Do any lines in the data below contain "Wooden"? If so, copy every one of them.

• _Dataset records_:

------------------------

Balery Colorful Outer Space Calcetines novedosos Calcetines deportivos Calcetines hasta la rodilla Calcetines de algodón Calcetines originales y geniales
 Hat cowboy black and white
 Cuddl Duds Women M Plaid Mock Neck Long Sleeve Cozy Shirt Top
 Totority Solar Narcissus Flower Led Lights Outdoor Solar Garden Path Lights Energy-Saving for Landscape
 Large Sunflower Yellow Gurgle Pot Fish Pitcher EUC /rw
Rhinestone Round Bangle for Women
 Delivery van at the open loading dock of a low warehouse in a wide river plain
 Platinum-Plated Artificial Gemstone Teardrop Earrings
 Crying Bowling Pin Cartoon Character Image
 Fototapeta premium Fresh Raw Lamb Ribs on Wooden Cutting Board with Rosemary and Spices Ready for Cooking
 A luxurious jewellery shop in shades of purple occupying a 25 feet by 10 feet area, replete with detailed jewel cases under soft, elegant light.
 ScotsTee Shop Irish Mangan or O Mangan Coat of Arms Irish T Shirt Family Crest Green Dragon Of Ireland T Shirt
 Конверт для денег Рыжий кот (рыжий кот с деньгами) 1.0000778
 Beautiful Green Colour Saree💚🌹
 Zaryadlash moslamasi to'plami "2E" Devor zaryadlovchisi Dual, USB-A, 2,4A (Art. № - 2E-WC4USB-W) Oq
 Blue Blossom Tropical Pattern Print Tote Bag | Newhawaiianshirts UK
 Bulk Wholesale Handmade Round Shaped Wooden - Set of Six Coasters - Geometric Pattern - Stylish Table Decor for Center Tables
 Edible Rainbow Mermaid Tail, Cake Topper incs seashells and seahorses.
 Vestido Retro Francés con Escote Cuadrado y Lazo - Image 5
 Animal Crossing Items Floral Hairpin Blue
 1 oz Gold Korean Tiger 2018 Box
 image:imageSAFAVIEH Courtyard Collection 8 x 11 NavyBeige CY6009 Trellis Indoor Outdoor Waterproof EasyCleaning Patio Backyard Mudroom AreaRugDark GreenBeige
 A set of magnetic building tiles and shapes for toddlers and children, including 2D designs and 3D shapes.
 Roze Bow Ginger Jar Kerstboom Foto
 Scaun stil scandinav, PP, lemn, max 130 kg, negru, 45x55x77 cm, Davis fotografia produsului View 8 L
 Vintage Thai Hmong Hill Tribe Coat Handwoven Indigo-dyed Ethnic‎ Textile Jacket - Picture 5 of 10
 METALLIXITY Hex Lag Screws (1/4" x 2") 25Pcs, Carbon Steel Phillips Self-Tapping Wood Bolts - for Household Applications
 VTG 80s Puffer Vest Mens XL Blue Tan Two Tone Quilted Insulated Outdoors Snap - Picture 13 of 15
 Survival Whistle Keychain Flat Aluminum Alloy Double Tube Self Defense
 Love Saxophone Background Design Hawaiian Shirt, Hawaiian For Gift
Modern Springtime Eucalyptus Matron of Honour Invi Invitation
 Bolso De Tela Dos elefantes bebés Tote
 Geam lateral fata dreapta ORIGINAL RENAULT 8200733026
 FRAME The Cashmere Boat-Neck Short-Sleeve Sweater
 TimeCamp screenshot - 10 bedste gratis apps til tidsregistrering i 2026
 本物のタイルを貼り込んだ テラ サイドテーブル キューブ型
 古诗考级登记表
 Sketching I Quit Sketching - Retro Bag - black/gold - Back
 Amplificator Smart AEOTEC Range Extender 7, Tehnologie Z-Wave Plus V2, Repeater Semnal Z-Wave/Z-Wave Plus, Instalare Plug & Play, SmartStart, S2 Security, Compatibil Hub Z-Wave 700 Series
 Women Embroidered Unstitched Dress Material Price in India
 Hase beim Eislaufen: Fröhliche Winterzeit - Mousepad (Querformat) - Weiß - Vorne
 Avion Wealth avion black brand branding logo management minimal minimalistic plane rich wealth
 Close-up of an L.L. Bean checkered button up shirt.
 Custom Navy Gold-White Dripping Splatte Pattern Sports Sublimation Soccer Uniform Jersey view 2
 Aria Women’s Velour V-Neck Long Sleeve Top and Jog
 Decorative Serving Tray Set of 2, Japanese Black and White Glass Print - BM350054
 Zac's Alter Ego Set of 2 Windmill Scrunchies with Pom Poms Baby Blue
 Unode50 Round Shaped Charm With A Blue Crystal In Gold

------------------------

• _Exercise output_:
 Fototapeta premium Fresh Raw Lamb Ribs on Wooden Cutting Board with Rosemary and Spices Ready for Cooking
 Bulk Wholesale Handmade Round Shaped Wooden - Set of Six Coasters - Geometric Pattern - Stylish Table Decor for Center Tables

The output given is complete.